Moved these notes from the main
ContentModel? page... eventually this page will contain more plans for the Contact content model and related data modeling.
What is a Contact
A contact is currently a Content Item, but there was some intent at one point that a contact not be a Content Item. Contacts don't appear in mixed views as much as other items -- we do expect Mail, notes, events and tasks to be in a mixed view (like the view for a given project). Contacts are
less likely to be in mixed views but some users will still do that anyway. The difference is that contacts are static, whereas emails, tasks and events are all process-oriented.
We might want to model the process-oriented items as "Process Items". These are the user's data (Content Items) that must be triaged, prioritized, finished. These are actionable things? Do these come into your world as something you do something about? These are more volatile.

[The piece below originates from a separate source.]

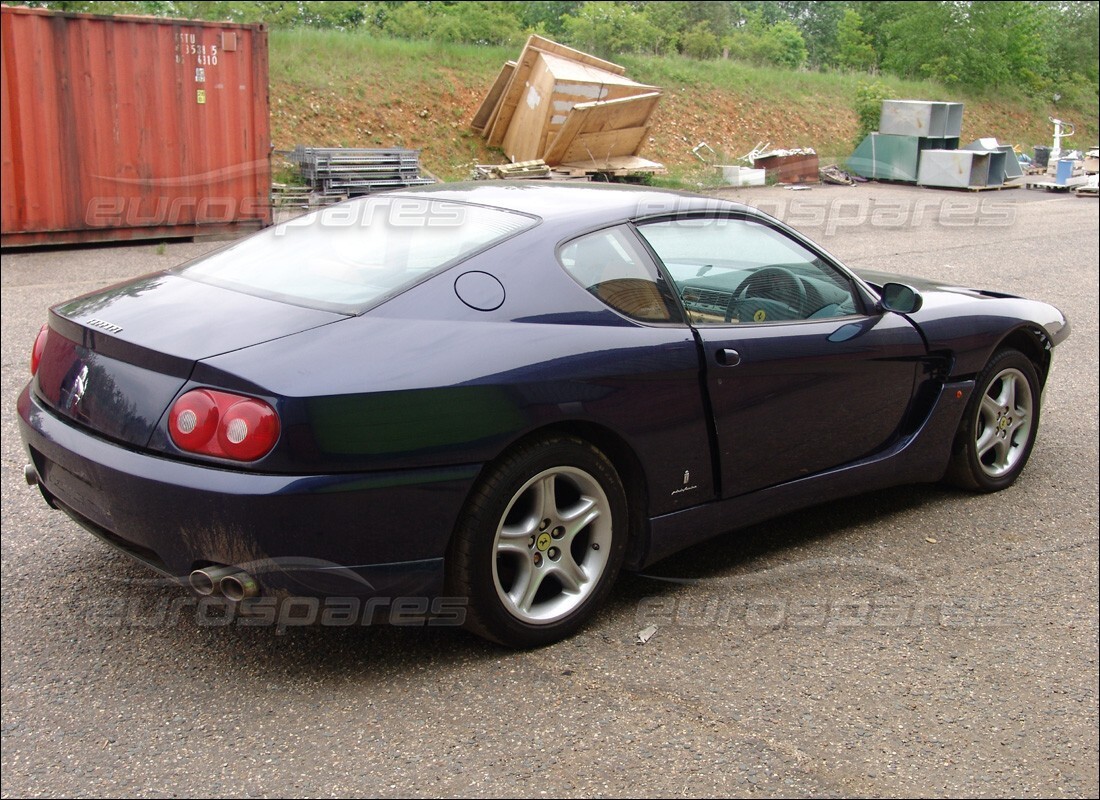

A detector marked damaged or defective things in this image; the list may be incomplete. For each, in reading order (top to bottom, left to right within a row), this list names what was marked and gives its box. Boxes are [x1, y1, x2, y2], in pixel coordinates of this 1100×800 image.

rusty shipping container [1, 3, 271, 247]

OTOH, a contact content model is just data most of the time. We might want to model contacts as a kind of "data resource" rather than a process item... if there is even any usefulness to these concepts. At any rate, we agree that contacts are not nearly as volatile as are the events, tasks and emails that you handle during the short period where that thing is active and volatile, before they turn into archived static things like contacts.
Related Links
Comments about the Kind for Street Address, in Contacts
Question about the fields listed for Street Address. As background info I used to work for a company that managed data for direct mail (ugh!).

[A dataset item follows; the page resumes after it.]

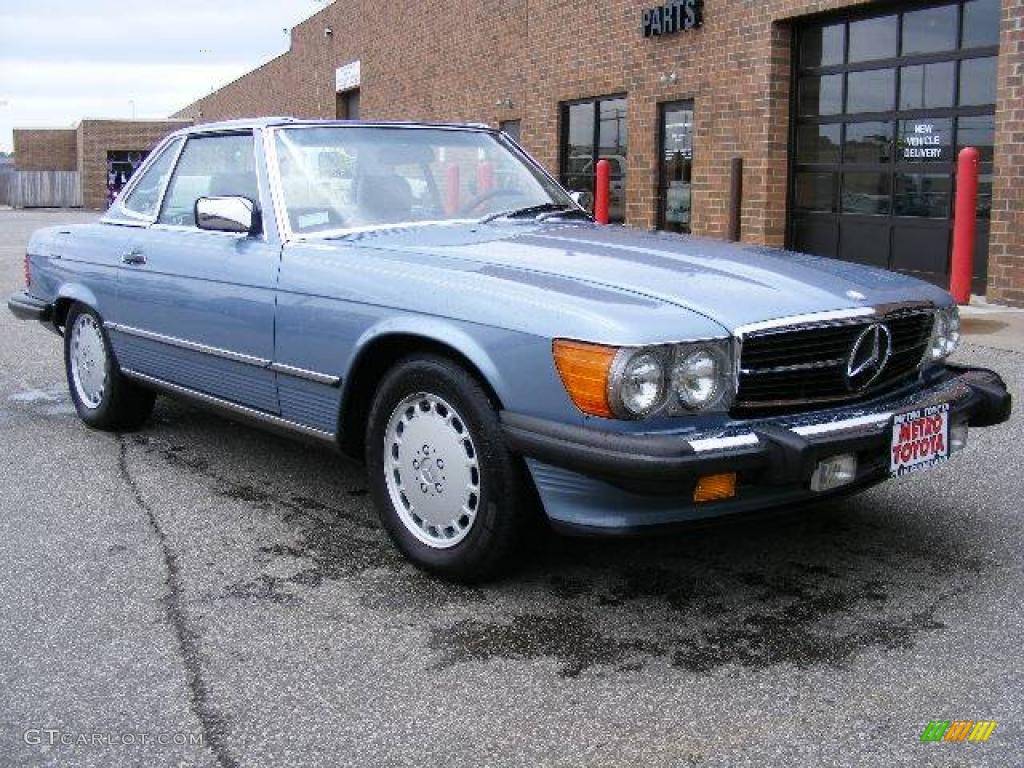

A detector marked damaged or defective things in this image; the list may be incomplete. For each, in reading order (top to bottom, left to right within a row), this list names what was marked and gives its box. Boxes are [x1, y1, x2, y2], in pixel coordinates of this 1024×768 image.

pavement crack [116, 438, 237, 768]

According to the US Post Office
Postal Addressing Standards Pub28 there really is only a few fields required to store a mailing address:
- Attention Line - e.g. Jane Doe
- Recipient Line - e.g. Widgets-R-Us
- Delivery Address Line - e.g. 123 Any Street
- Secondary Address Unit Designator - e.g. Apt 12
- Last Line - e.g. Philadelphia PA 19123
The Last Line is commonly broken up into Country Code, Postal Code, Region and Municipality. A reference to an xml schema that is very concise is
HR-XML Consortium Postal Address 1.2 Spec
The reason for me bringing this up is that the Street Address should really concern itself with the fields required for a postal address and any other information would go into the Contact item.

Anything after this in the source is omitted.